# Thanksgiving......



## vincev (Nov 21, 2016)

Outside of bikes what are you thankful for on Thanksgiving?? 
I am thankful for tv remote,my microwave,garage door openers,Stoffers macaroni and cheese,velcro.,stamps and envelopes that dont have to be licked,...


----------



## Boris (Nov 21, 2016)

I'm thankful there's 2148.8 miles between us.


----------



## bulldog1935 (Nov 21, 2016)

my daughter - she has a great HS wrestling career going, and the season is just warming up (and she's still a junior).


----------



## vincev (Nov 21, 2016)

Dave Marko said:


> I'm thankful there's 2148.8 miles between us.
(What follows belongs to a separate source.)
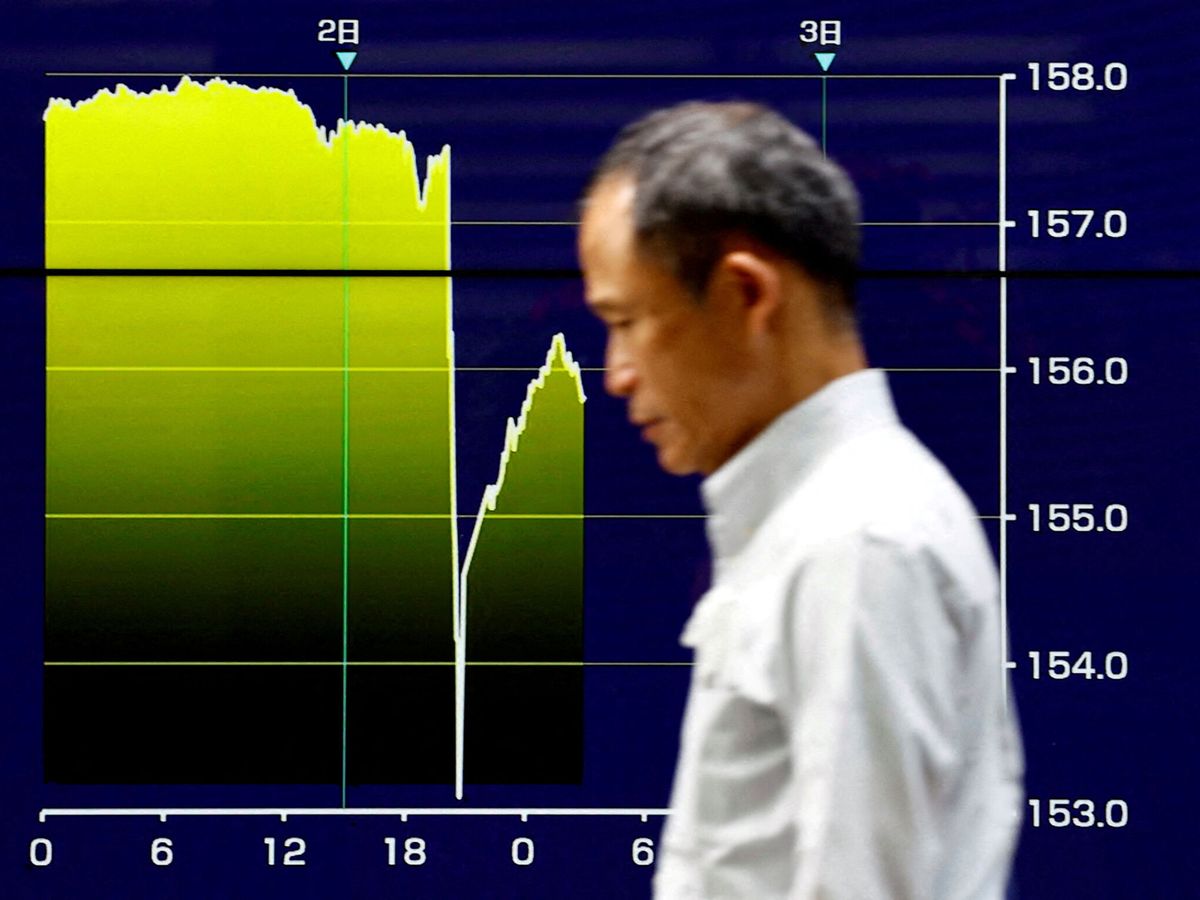 Foto: Aumento del tipo de cambio del yen japonés (Reuters/Issei Kato)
wish you were closer.It's leaf blower season.


----------



## Boris (Nov 21, 2016)

Rake season for dinosaurs (Luddites).


----------



## stoney (Nov 21, 2016)

My family and friends both living and deceased. NOTHING else means as much. Everyone have a safe and Happy Thanksgiving.


----------



## rollfaster (Nov 21, 2016)

Very thankful for my loyal friends that help me through tough times. And my family, even though they put me through them.


----------



## island schwinn (Nov 21, 2016)

thankful I don't have to get wrapped up in all the holiday crap.


----------



## None (Nov 21, 2016)

Thankful for our ability to love, grow and connect as humans. Thankful for The CABE and all you beautiful souls. Thankful for coffee, beer, tacos and donuts.  Great thread @vincev oh...and on that note, I'm thankful for my birthday.


----------



## stoney (Nov 21, 2016)

Desireé said:


> Thankful for our ability to love, grow and connect as humans. Thankful for The CABE and all you beautiful souls. Thankful for coffee, beer, tacos and donuts.  Great thread @vincev oh...and on that note, I'm thankful for my birthday.
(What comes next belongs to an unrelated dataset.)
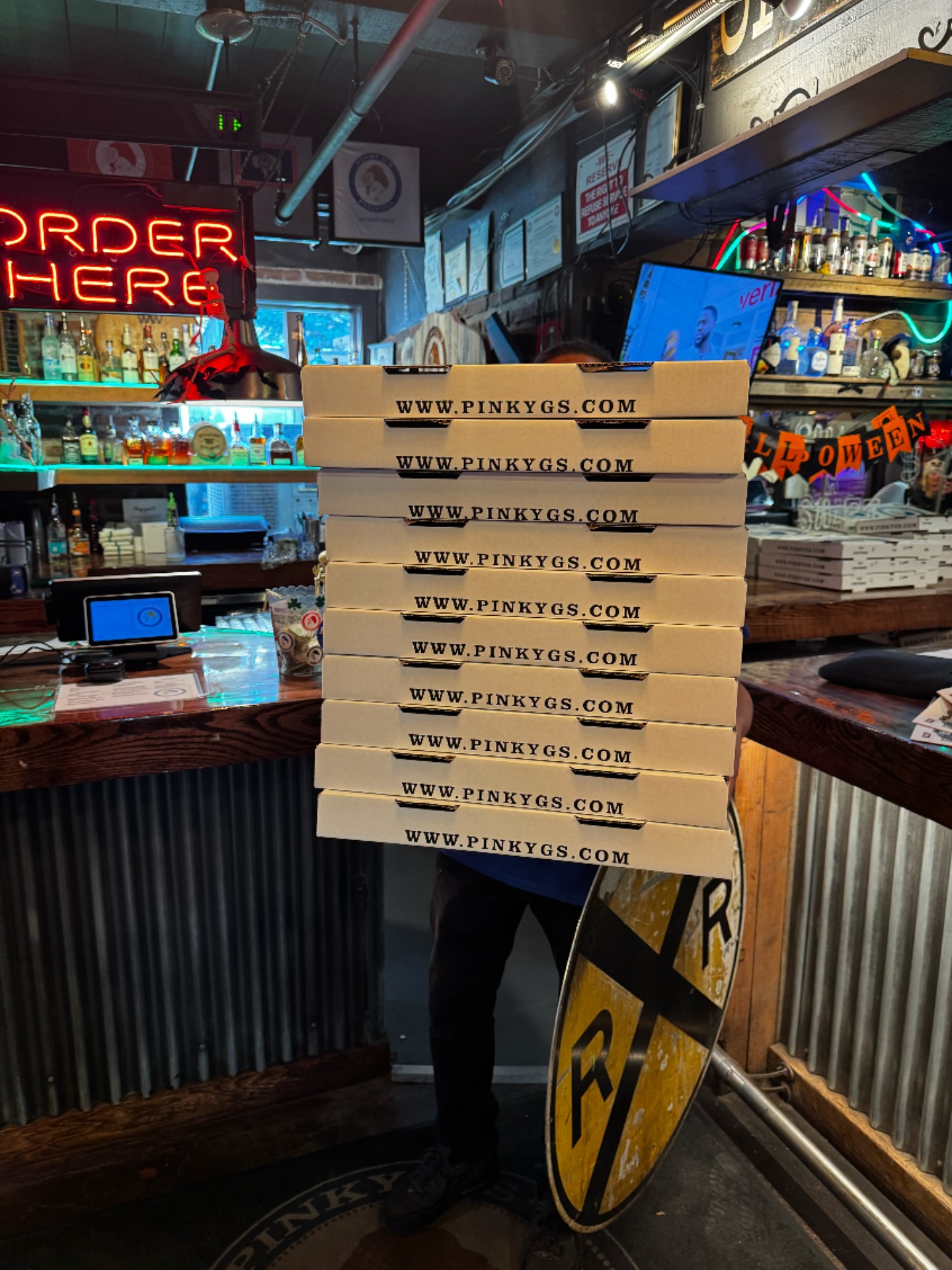 Pinky G's Pizzeria Victor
Love the coffee, beer, tacos and donuts idea.


----------



## 2jakes (Nov 21, 2016)

Dave, after checking & rechecking. I don’t see 2148.8 miles between us.
Hell,I don’t even see 1/16th between the letters.
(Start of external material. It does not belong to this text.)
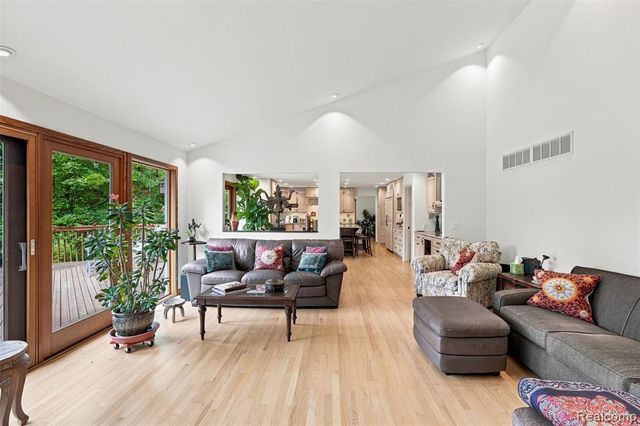 305 Wilshire Drive, Bloomfield Hills, MI 48302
What are you measuring with????


----------



## Boris (Nov 21, 2016)

2jakes said:


> Dave, after checking & rechecking. I don’t see 2148.8 miles between us.
> Hell,I don’t even see 1/16th between the word.




Oops did I say miles? I meant micrometers.


----------



## 2jakes (Nov 21, 2016)

And to stay on topic.
I’m thankful that Desireé’s birthday comes only once a year,
otherwise we’d still be at it.
And I say this in a positive way because she’s a really nice person.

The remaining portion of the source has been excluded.